HIGH COURT OF SOLOMON ISLANDS


Case name:
Amalo v Attorney General


Citation:



Date of decision:
16 January 2017


Parties:
Patterson Amalo v Attorney General, Li Ping Ma


Date of hearing:
17 October 2016


Court file number(s):
144 of 2014


Jurisdiction:
Civil


Place of delivery:
HCSI- Court Room 1


Judge(s):
Faukona; PJ


On appeal from:



Order:
1. Claimant’s claim dismissed accordingly with costs awarded to all the Defendants on indemnity basis.
2. That Judgment is granted to the fourth defendant in her counter claim.
3. Order that Claimant remove the building encroaching on the fourth Defendant’s land within two months.
4. Order awarding damages to the fourth Defendant to be assessed on a date to be fixed by the Registrar of the High Court.


Representation:
Ms. M Bird for the Claimant
Mr. E. Kii for the First to Third Defendant
Mr. A. Radclyffe for the fourth Defendant.


Catchwords:



Words and phrases:



Legislation cited:



Cases cited:
Maneniaru v Attorney General and others, Lodani v Attorney General and others

IN THE HIGH COURT OF SOLOMON ISLANDS
CIVIL JURISDICTION


Civil Case No. 144 of 2014


PATTERSON AMALO
Claimant


v


ATTORNEY GENERAL
(On behalf of the Premier of Western Provincial Government)
First Defendant


ATTORNEY GENERAL
(On behalf of the Western provincial Executive)
Second


ATTORNEY GENERAL
(On behalf of the commissioner of Lands and Registrar of Titles)
Third Defendant


LI PING MA
Fourth Defendant

Date of Hearing: 17 October 2016
Date of Judgment: 16 January 2017


Ms.
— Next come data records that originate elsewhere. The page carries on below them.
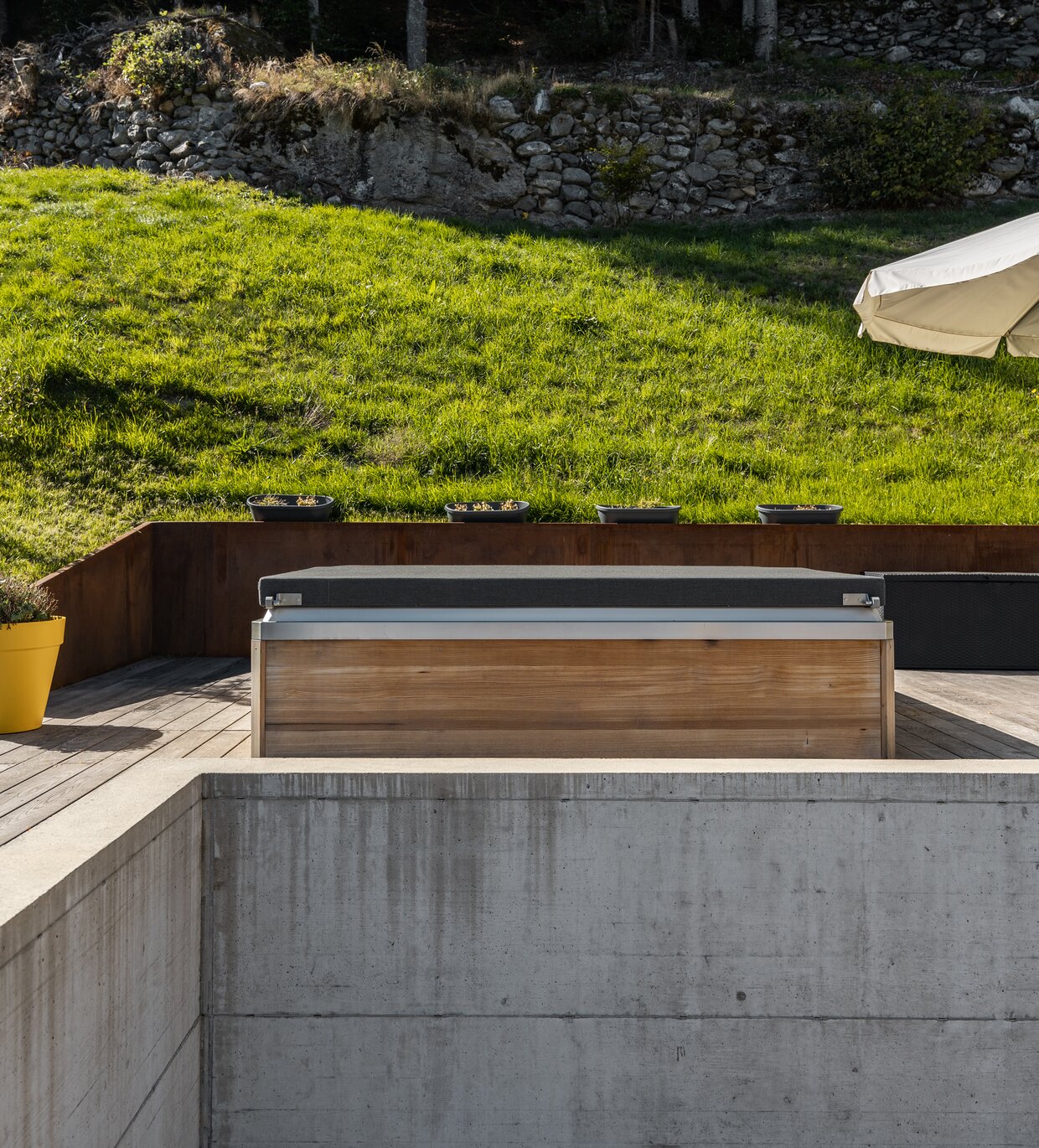 USSPA designer thermal cover matches your spa and enhances the entire garden.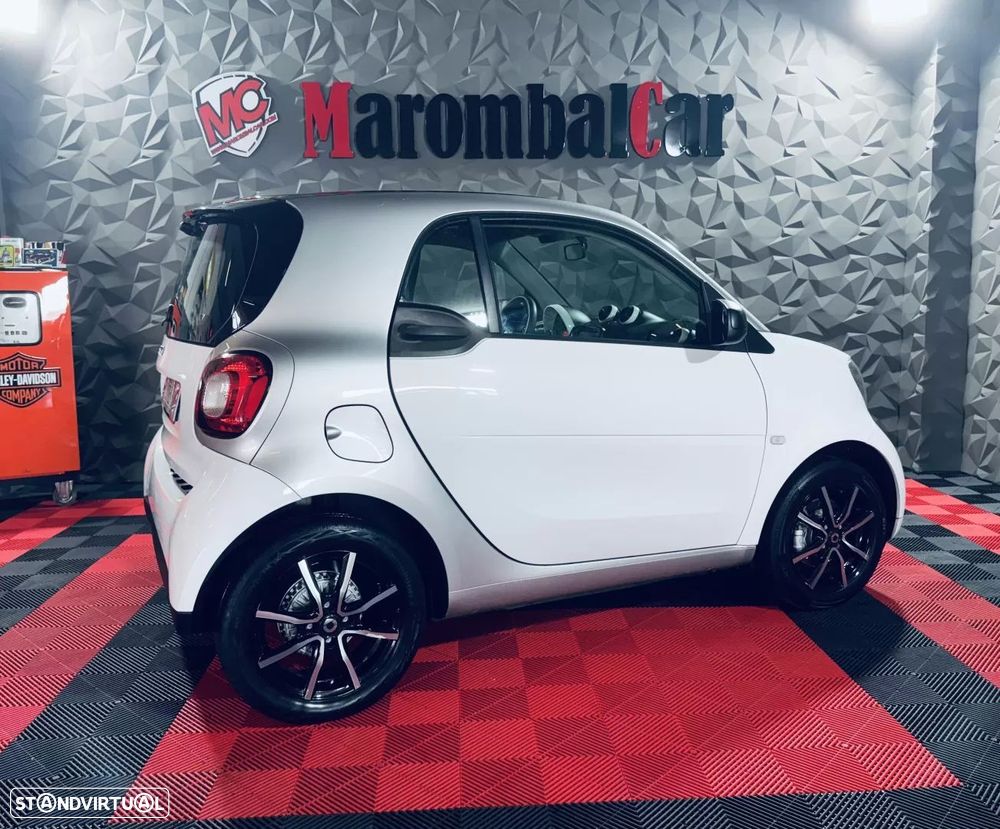 Smart ForTwo Coupé 1.0 mhd Pulse 71 Softouch - 8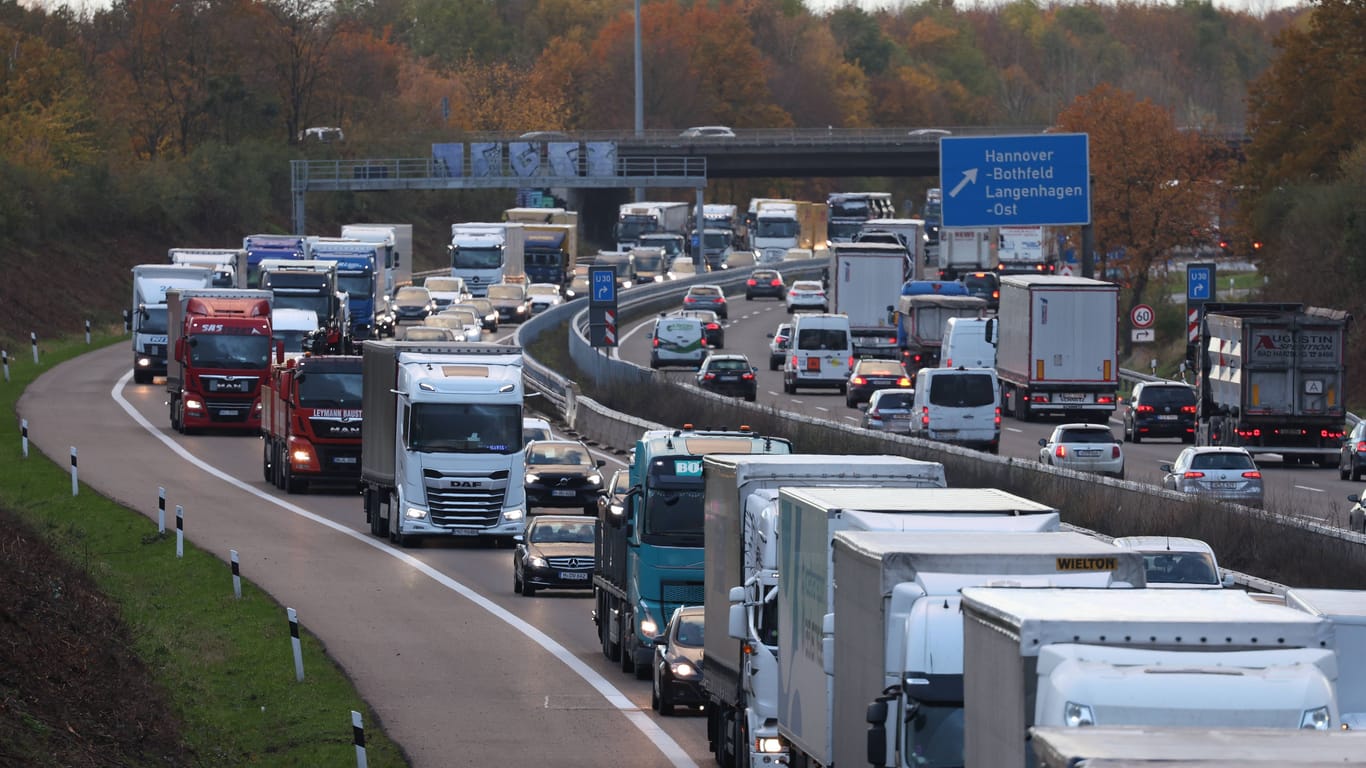 Stau auf der A2 (Archivbild): Der Ferienverkehr sorgte am Freitag für langen Stillstand in der Region Hannover.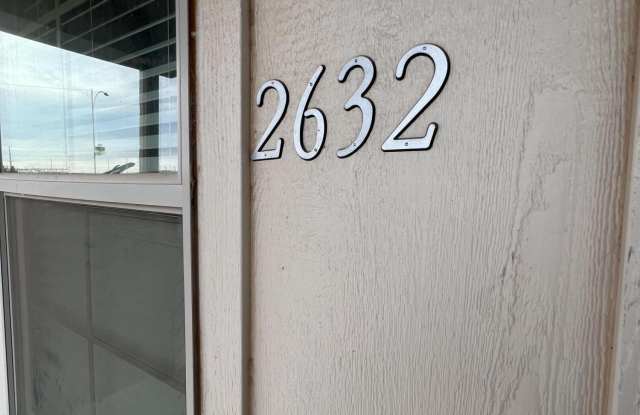 2632 Hickory Avenue Gallery 2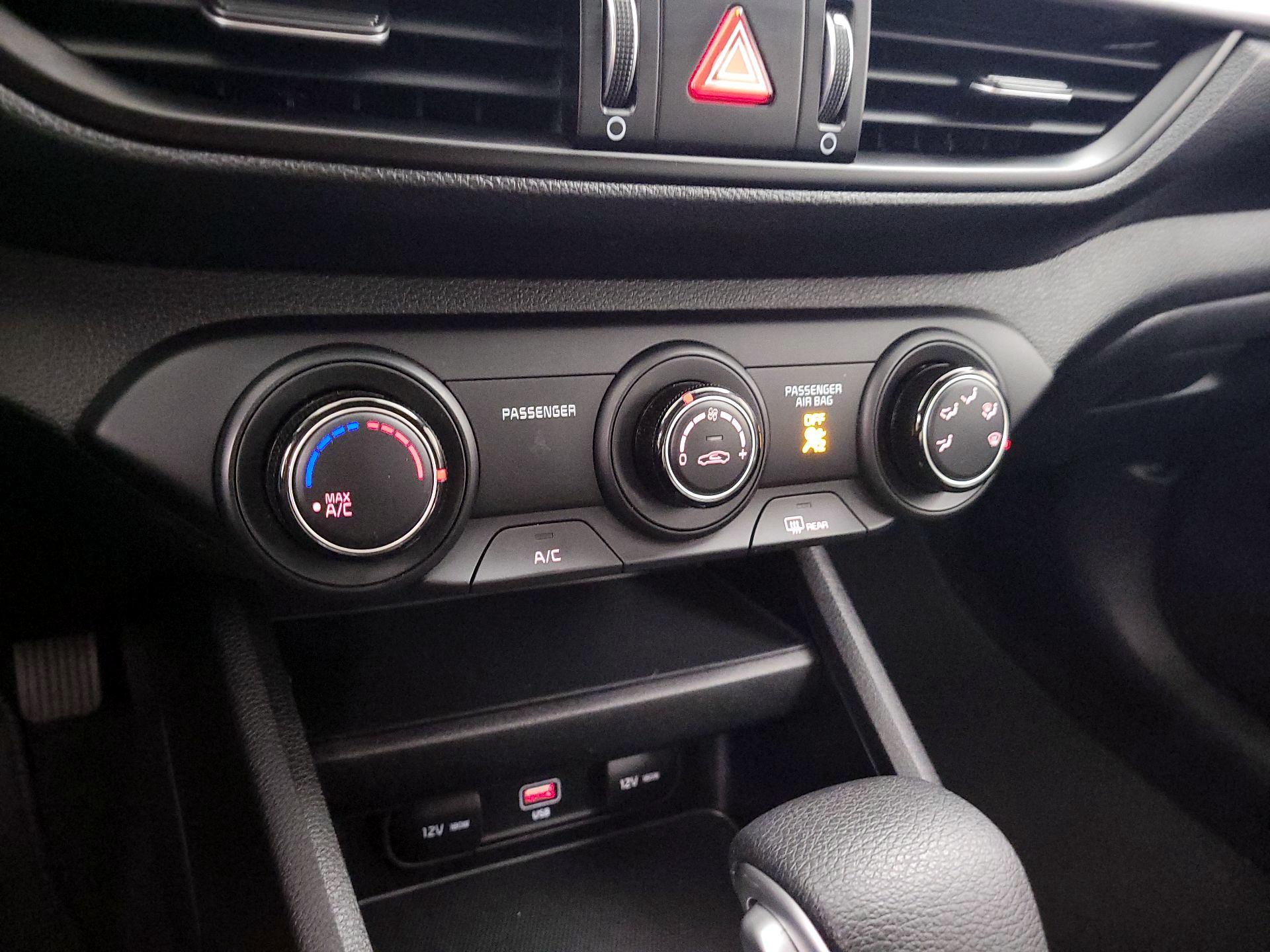 Thumbnail: 2023 Kia Forte - 16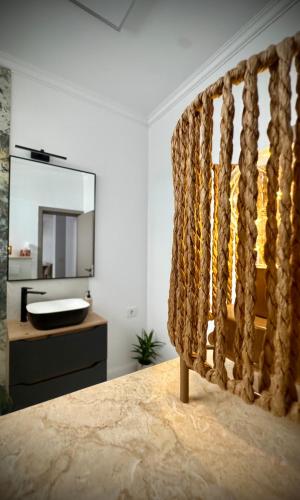 a bathroom with a bench with a mirror and a sink at VerdeViu Apartments 3 Thermalis Residence Sânmartin Oradea Băile Felix 1 in Sînmartin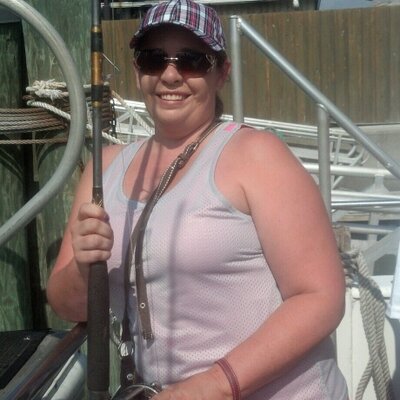 Profile Picture of Jennifer Biddle (@jennykay74) on Twitter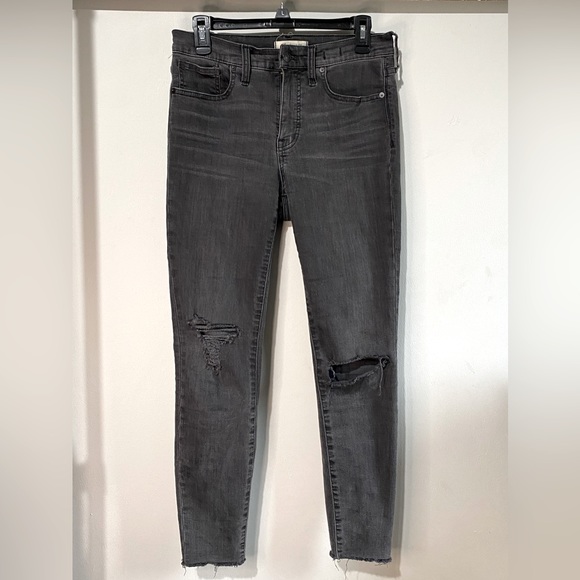 1️⃣8️⃣Madewell 9” high-rise skinny with frayed ankles - Picture 4 of 6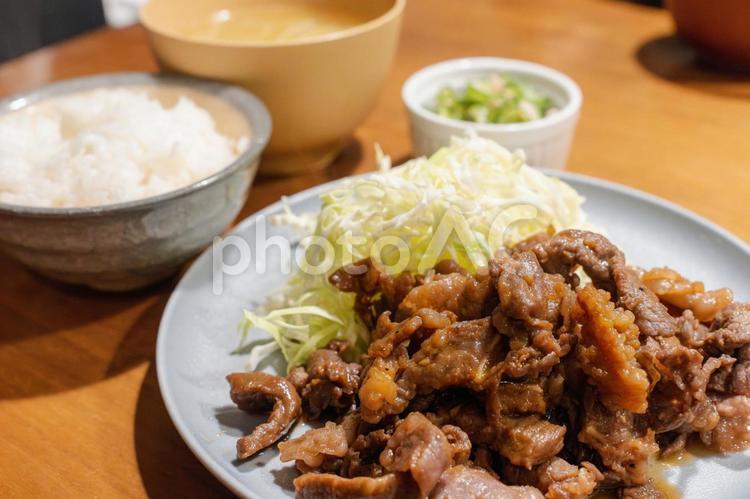 焼肉定食と白いご飯、味噌汁付き 焼肉定食,焼肉,定食の写真素材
M Bird for the Claimant
Mr. E. Kii for the First to Third Defendant
Mr. A. Radclyffe for the fourth Defendant.

JUDGMENT

Faukona PJ: An amended claim in category A was filed by the Claimant on 17th November 2014, supported by a sworn statement filed on 15th May 2014. The fact is that it was the same sworn statement was relied on to support the original claim and the amended claim as well. Hence, the date of filing of the sworn statement was earlier than the date of filing of the amended claim. Nevertheless date variance should not bring about any misconception.

  1. The claim actually seeks order to rectify the land registry of the lease estate in PN: 097-005-32, on the ground of mistake. The land is situated in Gizo Township in the Western Province.

BACKGROUND FACTS

  1. The land being the subject to this dispute was originally registered in the name of Chan Cheung Rendova Trading Company Ltd, sometimes known as RTC. It was a 40 years grant started on 1st July 1950 and was expected to expire on 1st July 1990.
  2. During the course of the period, there was an agreement made between Chan Cheung RTC and the Claimants family whereby rights to use and develop the property was vested upon the Claimants family. Certain amounts of money were paid for the two blocks of lands including lot 139 (the disputed land); the amounts totalled up to $3,000.00 and were paid in 1978 and 1983 respectively.
  3. After the grant of the fixed term estate expired on 1st July 1990 there was no renewal made.
  4. On or about 11th May 2009, the Commissioner of Lands transferred the Perpetual Estate interest of the land to the Premier of Western Provincial Government.
  5. On 4th March 2011 the fourth Defendant applied for the land. On 20th April 2011, the Claimant submitted his application for the land.
  6. In its Executive meeting of the first and second Defendants on 15th, 18th and 19th July 2011, the Executive resolved to re-tender the land.
  7. On 8th September 2011, the Commissioner of Lands advised RTC that consent was given to transfer the land to the Claimant and one Mr. Mathias Amalo; Land rental fee of $850.00 were paid to secure conformity to the consent. The amount was paid a day after consent was given.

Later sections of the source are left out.